O consultor editorial Carlo Carrenho acredita que "quanto maior a concentração, menor o espaço das editoras médias e pequenas, que garantem a diversidade do mercado editorial", conforme escreveu em um artigo no Publish News, o boletim de notícias do mercado editorial mantido por ele.
Ele afasta, entretanto, o principal temor de autores brasileiros sobre estas incorporações comandadas por selos estrangeiros: de que, controladas por grupos multinacionais, as grandes editoras passarão a publicar mais autores de fora em detrimento dos nacionais.
"Estas empresas buscam aumentar vendas e lucro e, nesse sentido, terão tanto interesse em publicar seus best sellers no Brasil quanto em publicar e desenvolver autores brasileiros de sucesso e até traduzi-los no resto do mundo", avalia.
Enquanto as fusões e aquisições entre grandes selos chacoalharam o mercado editorial brasileiro neste início de 2014, os pequenos selos editoriais saem em busca de alternativas.
Exemplo local de editora de pequeno porte que nada no contrafluxo do mercado, a curitibana Encrenca Literatura de Invenção anunciou um novo pacote de títulos e algumas mudanças de estratégia em seu segundo ano de vida para se manter atuando com independência no ramo.
Criada no ano passado com o objetivo de lançar autores locais com produção avessa às formulas consagradas nas listas dos mais vendidos, a editora está apostando na expansão de seus pontos de venda e ampliação de portfólio com nomes de maior envergadura nacional e regional.
Para o primeiro semestre de 2014, a Encrenca prepara o lançamento de três livros do músico e escritor carioca Fausto Fawcett.
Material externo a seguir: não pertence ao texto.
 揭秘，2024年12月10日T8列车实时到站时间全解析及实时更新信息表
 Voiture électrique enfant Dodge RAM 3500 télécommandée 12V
Um deles é um texto inédito chamado Cachorrada Doentia (Fundamentalismo à Brasileira) escrito especialmente para o selo.
Segundo o escritor e editor Luiz Felipe Leprevost, um dos sócios da Encrenca, o volume terá seis contos e um breve ensaio com a temática da "proliferação de fundamentalismos". Com sua retórica peculiar, Fawcett explica que há fundamentalismo de todos os tipos "no país da mestiçagem explícita festivos, religiosos, consumistas, financeiros, sexuais, intelectuais, assassinos, urbanos, rurais, amazônicos" e escreve sobre seus perigos.
Os outros dois livros de Fawcett são obras escritas entre os anos 1980 e 1990 que alcançaram grande repercussão quando lançados e que ainda hoje mantêm a aura de "clásscos cult": a fantasia cyberpunk Santa Clara Poltergeist e o sensual Básico Instinto, ambos fora de catálogo há anos. O primeiro livro está sendo reescrito pelo autor "à unha", palavra por palavra, já que não há arquivo digital dos originais.
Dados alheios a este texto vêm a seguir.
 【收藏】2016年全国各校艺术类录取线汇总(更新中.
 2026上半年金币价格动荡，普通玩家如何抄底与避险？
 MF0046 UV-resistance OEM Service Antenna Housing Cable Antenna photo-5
Ainda para o primeiro semestre, o selo também finaliza a reedição de Nova Holanda, do escritor Sérgio Rubens Sossela (1942-2003), uma novela "maldita" de um autor curitibano mais comentado do que lido, além dos romances Plano de Fuga, de Assionara Souza, e Hedra, de Alexandre França.
A Encrenca também tem se ocupado de expandir seus pontos de venda para outras capitais, como Rio de Janeiro e São Paulo.
Leprevost conta que este processo incluiu visitas a várias livrarias e a realização de palestras aos vendedores explicando a proposta da editora e de cada um dos livros lançados, em "um corpo a corpo mais sofisticado".
"Se vamos fazer isso, não dá pra ficar naquele mão em mão do pequeno e restrito círculo literário underground. Acho que já passamos por isso. Há um esforço que tem sido feito de modo conjunto, com mais parcerias acontecendo para fortalecer o mercado", avalia.
Experimentações
Para Otávio Linhares, também sócio da Encrenca, há um movimento de outras pequenas editoras com propostas equivalentes (como a Kafka e a Tulipas Negras, por exemplo) que compartilham o desejo de se consolidar neste momento instável.
Para ele, a concentração do mercado em poucas grandes editoras não afeta a proposta editorial da Encrenca e de outros selos menores. "Se a Companhia das Letras comprar toda a sua grande concorrência, para nós não muda nada. Funcionamos em outro plano. Nossa proposta é publicar livros radicalmente autorais e sem fazer concessões", explica.
"Não vamos ganhar um milhão por mês, por enquanto. O tamanho da ambição é nossa medida. Com expectativa de lucro menor, podemos manter nossa linha de experimentações e ainda assim chegar ao público", acredita.